7. Cette disposition, qui octroie à l'acheteur public la faculté de modifier le contrat en cas de survenance de circonstances qu'un acheteur diligent ne pouvait pas prévoir, n'institue aucune obligation dont la méconnaissance serait constitutive d'une faute contractuelle. Dans ces conditions, la société AJC Services n'est pas fondée à soutenir que le CEA aurait commis une faute en ne modifiant pas le contrat.
8. En quatrième lieu, en l'absence de décision formelle de résiliation du contrat prise par la personne publique cocontractante, celui-ci doit être regardé comme tacitement résilié lorsque, par son comportement, la personne publique a mis fin, de façon non équivoque, aux relations contractuelles.
9. La société AJC Services indique elle-même qu'elle avait licencié les cinq chauffeurs affectés au marché, respectivement, le 20 février 2020 pour le premier et le 4 juin 2020 pour les quatre autres. Par la suite, par un courrier du 6 juillet 2020, cette société a refusé expressément de répondre aux commandes transmises par le CEA en indiquant à ce dernier que " les prestations relatives au contrat (...) sont suspendues à compter [du] 8 juillet jusqu'à nouvel ordre ". Dans ces conditions, elle ne peut soutenir que l'absence d'émission ultérieure de bons de commande par le CEA, qui n'a fait que prendre acte du désengagement de fait de la société, révèlerait l'intention de ce dernier de résilier implicitement le contrat.

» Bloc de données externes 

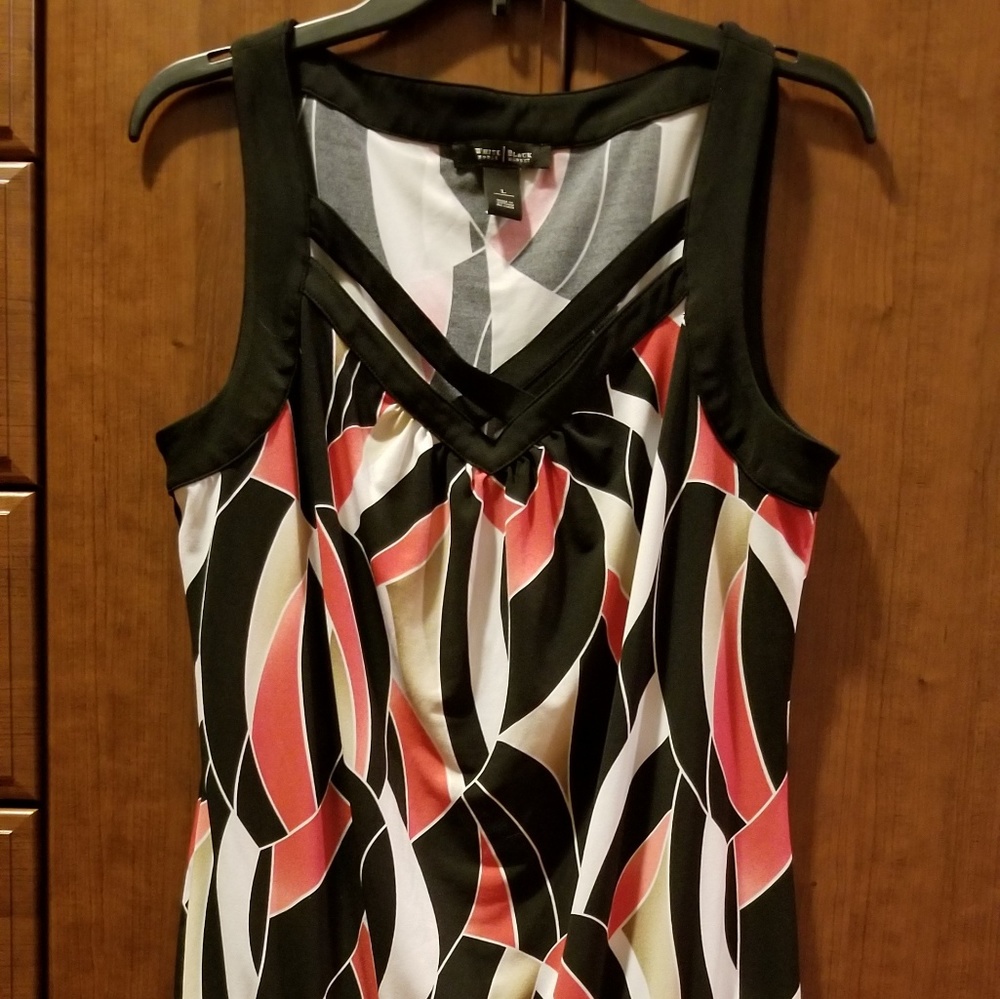 WHBM coral black and white top size L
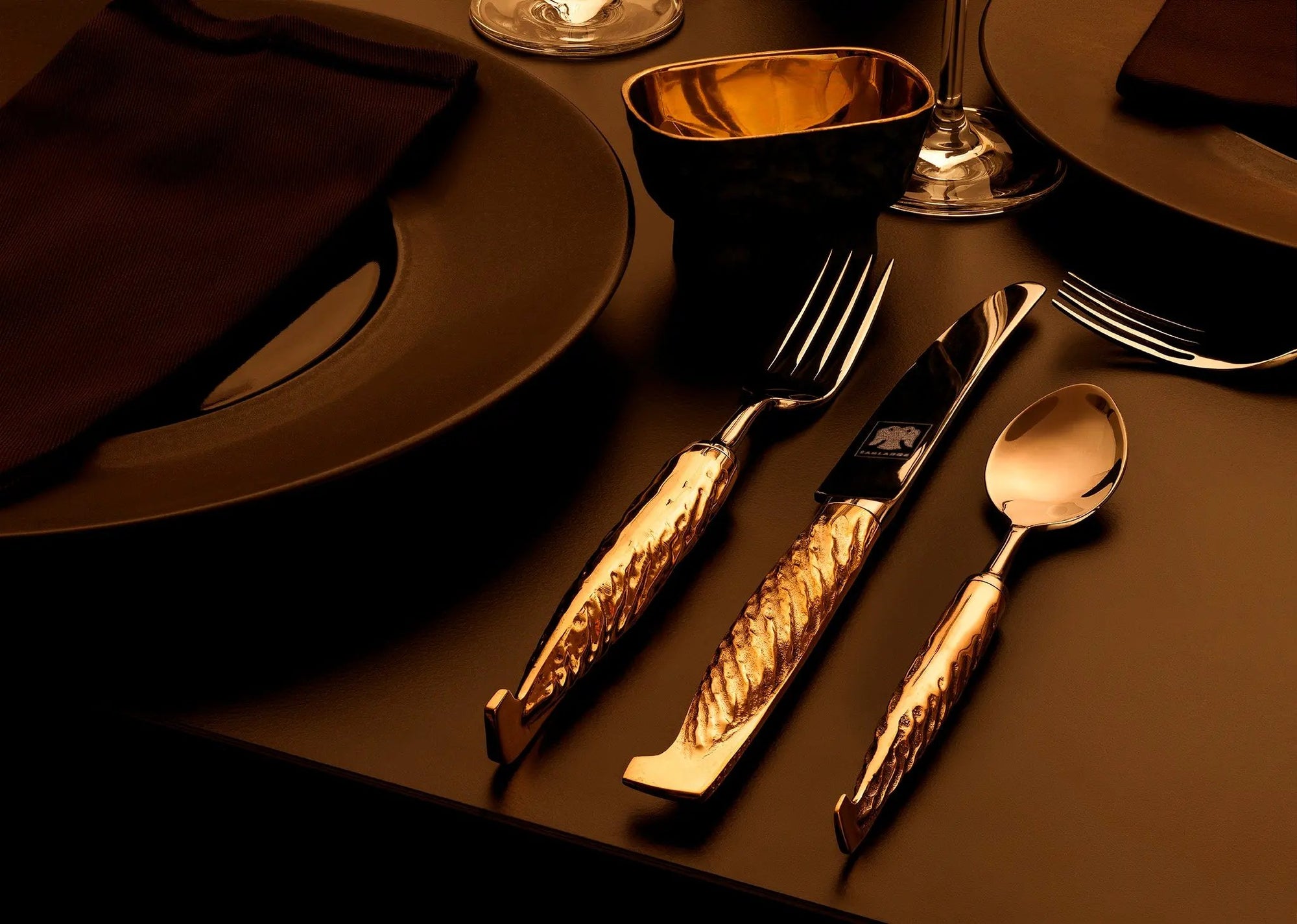 Close-up of Eaglador bronze cutlery pieces in standard set – durable, heirloom-quality spoons, forks, and knives.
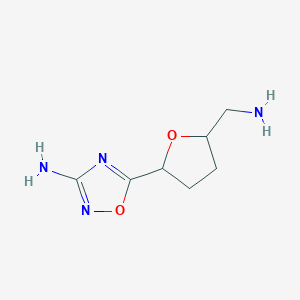 molecular formula C7H12N4O2 B7601096 5-[5-(Aminomethyl)oxolan-2-yl]-1,2,4-oxadiazol-3-amine 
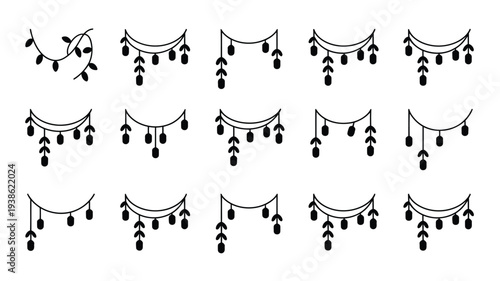 Minimalist vector illustration set of various hanging plant garlands and leaf decorations on white background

10. Il résulte de tout ce qui précède que la société AJC Services n'est pas fondée à soutenir que c'est à tort que, par le jugement attaqué, le tribunal administratif de Marseille a rejeté sa demande. Ses conclusions à fin d'annulation et de condamnation doivent donc être rejetées, ainsi que, par voie de conséquence, ses conclusions tendant à l'application de l'article L. 761-1 du code de justice administrative. Dans les circonstances de l'espèce, il n'y a pas lieu de mettre une somme à sa charge à ce dernier titre.
D É C I D E :
Article 1er : La requête de la société AJC Services est rejetée.
Article 2 : Les conclusions du CEA tendant à l'application de l'article L. 761-1 du code de justice administrative sont rejetées.
Article 3 : Le présent arrêt sera notifié à la société AJC Services et au Centre pour l'énergie atomique et aux énergies alternatives (CEA).
Délibéré après l'audience du 12 novembre 2024, où siégeaient :
- M. Alexandre Badie, président,
- M. Renaud Thielé, président assesseur,
- Mme Isabelle Ruiz, première conseillère.
Rendu public par mise à disposition au greffe, le 25 novembre 2024.